It's something that work on at Breakthrough to try to address the issue that emanates from poverty and lack of agency among girls. The girls can be rescued. The girls can be empowered so that they understand their rights and can escape trafficking.

I will stop here.

1:10 p.m.

Liberal

The Chair Liberal Michael Levitt

Thank you very much to you both.

We'll move right along to questions, and we'll begin with MP Anderson.

1:10 p.m.

Conservative

David Anderson Conservative Cypress Hills—Grasslands, SK

Thank you, Mr. Chair.

I want to thank our witnesses for being with us here today.

Mr. Jose, I'd particularly like to acknowledge you and thank you for the work you're doing on gender-based sex selection. Unfortunately, it's a topic that our Parliament hasn't had the courage to deal with.

To both of you, I would like to talk about the return to the community of these young ladies. We've heard both in this study and in others of the challenges that face women if they go back to their community, particularly after they've been trafficked or involved in sexploitation.

I'm just wondering how successful are you at reintegrating young women back to their families and to their communities. Or, do you have to find alternative communities for them in many places so they can then begin a new life removed from the old one?

Can you talk a little bit to us about that? I think, Mr. Tank, you talked specifically about trying to do that. If either of you have comment on that, I'd like to hear it.

Let's hear from Mr. Tank first.

1:15 p.m.

Project Director, Rescue Foundation

Dipesh Tank

There are different scenarios in this. When a girl gets trafficked and she's into prostitution, there's a huge social stigma for the families connected or associated with her, because the family does not know that she's been pushed into prostitution. The trafficker tells the family that he's going to take her daughter or his daughter to a better job opportunity and then brings her to metropolitan cities and pushes her into the sex trade.

When the girl stays there for about a year, two years, or three years and then, when we rescue her and bring her to our shelter home, there is a legal process until that is is done, depending upon her age. If the girl is a minor, then she cannot leave our shelter home until she is 18, and she's allowed to make a decision on her own and of her choice.
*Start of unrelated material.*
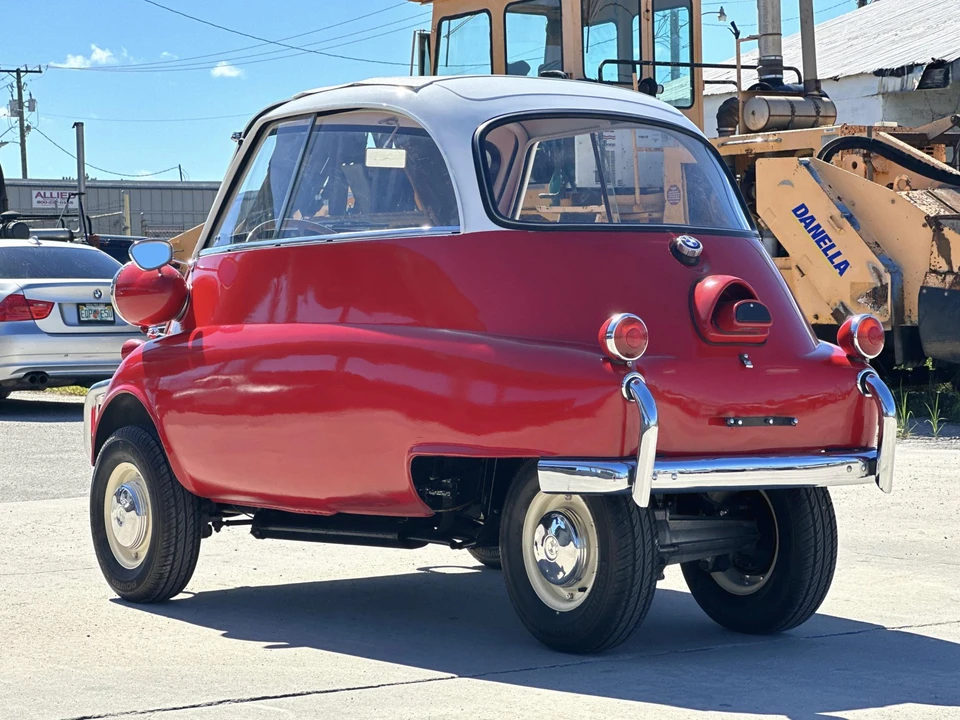 1957 BMW Isetta - Image 11 of 31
Until then she is in our shelter home, but if she is an adult, above 18, then we do the proper home verification. It's important for us to understand under what circumstances that girl left that place, so we will send our people to any corner of the country to find out through the neighbours and through the communities in that area how that girl was sent from that place.

Depending upon that, her repatriation orders are placed because that particular report will be submitted to the court, to the police, and to the child welfare committee in India if she is a minor. Based on that, they will decide whether they want to send her back home or to keep her in our shelter home.

Many times the girls are really embarrassed and feel that something terrible has happened to them, and because of that, they can't go back to their village. Then we try to bring her opportunities within the city.

We have a group home scheme whereby we hire a place, a small place in Mumbai for about two or three girls, and they all stay together and work for themselves. That's how they've been working. But also in India, ultimately, the social rehabilitation is when you get them married.

As a non-profit, we find grooms who are willing to marry our girls, and there are proper steps and procedures for that. They have to give x amount of money that is kept in her name. There are certain laws and regulations that you have to follow once they get married. There are so many things that we do, and we get them married also, if she wants to.

At times girls come to us or our president and ask if we can help get them married, so we find the right people, and while she is living there we ensure, by making surprise visits, that she is fine and safe, and there are no problems for her.

We've been very successful on that front. It totally depends on the girl and what she wants to do.

1:15 p.m.

Conservative

David Anderson Conservative Cypress Hills—Grasslands, SK

I want to ask a little bit about caste discrimination and whether that's a factor in this as well. Some of our information indicated that up to 62% of women in the commercial sex traffic belong to the scheduled castes. I'm wondering if you can talk a bit about that.

I assume that you have different challenges in trying to reintegrate those young ladies, as well as some of the other caste groups in the society.

1:15 p.m.

Project Director, Rescue Foundation

Dipesh Tank

Yes.

There are communities in India, which I don't want to name, where they sell their own daughters into prostitution. Unfortunately, it's a tradition where there is a process called nath-utarna, which means the nose ring. When a girl reaches puberty, the age of 13 or 14, she has been sold to one of the brothels or some man for x amount of money.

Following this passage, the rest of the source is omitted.